SÉGRÉGATION

Efficacité relative face à l'objectif de mixité sociale et scolaire

 

       Si l’article L.111-1 du Code de l’Éducation dispose que le service public de l’éducation «veille à la mixité sociale des publics scolarisés au sein des établissements d’enseignement», les rapporteurs de Terra Nova dans "L'Ecole sous l'algorithme" soulignent une incohérence[1] : les parlementaires, qui ne maîtrisent pas les algorithmes, ne peuvent s’assurer du fait qu’ils favorisent la mixité sociale. Qu'en est-il finalement ?

L'école française ségréguée : une réalité ?

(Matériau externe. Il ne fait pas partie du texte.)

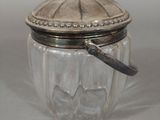 a glass jar with a spoon in it on a table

          Même si différents stratagèmes ont été mis en place afin d’établir une mixité sociale et scolaire, le système scolaire français souffre aujourd’hui d’un manque de mixité. S’il est vrai que l’école s’est fortement démocratisée, elle est également fortement ségréguée socialement et scolairement. C'est un constat au sein même de l'Éducation nationale. Dans un rapport d'information de l'Assemblée Nationale, MM. Yves Durand et Rudy Salles font un état des lieux de la mixité sociale à l'école en France et mettent en exergue la carence de mixité sociale dans les établissements et la haute ségrégation qui y demeure. Du point de vue de la mixité sociale, le système solaire est classé, selon l’OCDE, 30ème sur 65. L’accès à l’enseignement supérieur ainsi que le choix de la filière sont fortement liés à l’origine sociale. C’est ce que soulignent Georges Felouzis et Vincent Faillet, tous deux invités de l’émission “L’école est-elle vraiment de plus en plus inégalitaire ?[2]. Les différents établissements du territoire national accueillent plus d’élèves mais les inégalités s’accroissent. Aussi, si la mixité est mentionnée par le Code de l’Education et que l’algorithme de répartition des élèves Affelnet prend en compte un certain nombre de critères pour empêcher la ségrégation et l’Entre-Soi de se perpétuer, ils notent une efficacité toute relative quant à la satisfaction de cet objectif de mixité. Grenet, Fack et Benhenda, dans leur rapport L’impact des procédures de sectorisation et d’affectation sur la mixité sociale et scolaire dans les lycées d’Île-de-France, montrent que les voeux d'affectation des élèves diffèrent selon le milieu social et le niveau scolaire des élèves. À Paris, les lycées demandés en premier voeu par les 25% des élèves qui obtiennent les meilleurs résultats au brevet ont une moyenne au baccalauréat de 1,6 points supérieure aux lycées demandés par les 25 % des élèves obtenant les moins bons résultats au brevet. Ainsi outre la ségrégation sociale, l'école est ségréguée scolairement.

         La part des élèves de Professions et Catégories Socioprofessionnelles (PCS) défavorisées par collège à Paris montre un réel clivage entre le Nord-Est d’une part, et le Nord-Ouest et le centre de Paris d’autre part, où il y a une concentration d’élèves ayant des parents de PCS défavorisées. Dire qu’il existe une mixité sociale dans les collèges parisiens serait donc paradoxal après l’étude de cette carte.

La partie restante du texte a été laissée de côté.